The availability of large-scale online services (also known as cloud services) is becoming more important as more private and public infrastructure systems take dependencies on these services. The time it takes to detect that a failure has occurred, and the time taken to determine where the fault has occurred in a system are two important factors in determining the length of downtime experienced by a service. As well, determining where (or what) has failed in a complex system also drives the correct mitigation of the fault. Quickly and correctly identifying a fault in a complex system will reduce the amount of downtime experienced by the system–thus improving its availability. The purpose of this research was to compare the performance of a system (named Nova) that used ad hoc Bayesian networks to detect failures and locate faults in a complex, software as a service, cloud offering that is of global scale to the existing detection and scoping system (named Senex) used by this service.
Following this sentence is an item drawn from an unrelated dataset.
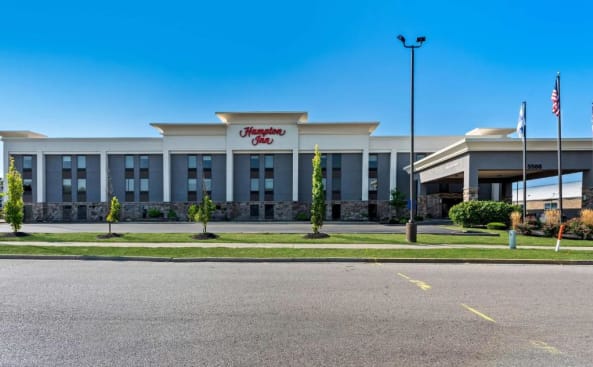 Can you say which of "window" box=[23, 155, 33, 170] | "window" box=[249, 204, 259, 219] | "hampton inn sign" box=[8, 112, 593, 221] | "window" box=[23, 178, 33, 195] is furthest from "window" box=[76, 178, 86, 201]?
"window" box=[249, 204, 259, 219]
This comparison was done to determine if the use of on demand, ad hoc Bayesian networks were faster at detecting failures and locating faults in the system than Senex while maintaining reasonably accurate predictions of the fault scope. Actual service failure data were used for this study. The time that the Senex system took to detect the failure and scope the fault were recorded. The actual failing component was identified and recorded. A simulation was then conducted using the Nova system. The Nova system was passed actual probe data from the time of the failures and the time to detect and identify the failing component recorded along with the identity of the predicted failed components. It was found that the Nova system was significantly faster at detecting failures and identifying faults and that the Nova system was acceptably accurate in its predictions. More study is needed in creating more complex networks that can identify a larger set of issues than the Nova system was able to detect. Further areas of interest would be in identifying the owner of issues using Bayesian networks and incorporating cost into the analysis.
|Commitee:||Blackburn, Timothy, Malalla, Ebrahim|
|School:||The George Washington University|
|School Location:||United States -- District of Columbia|
|Source:||DAI-B 81/4(E), Dissertation Abstracts International|
|Subjects:||Engineering, Computer science|
|Keywords:||Availability, Bayesian networks, Cloud computing, Failure propagation, Reliability|
Copyright in each Dissertation and Thesis is retained by the author. All Rights Reserved
The supplemental file or files you are about to download were provided to ProQuest by the author as part of a
dissertation or thesis. The supplemental files are provided "AS IS" without warranty. ProQuest is not responsible for the
content, format or impact on the supplemental file(s) on our system. in some cases, the file type may be unknown or
may be a .exe file. We recommend caution as you open such files.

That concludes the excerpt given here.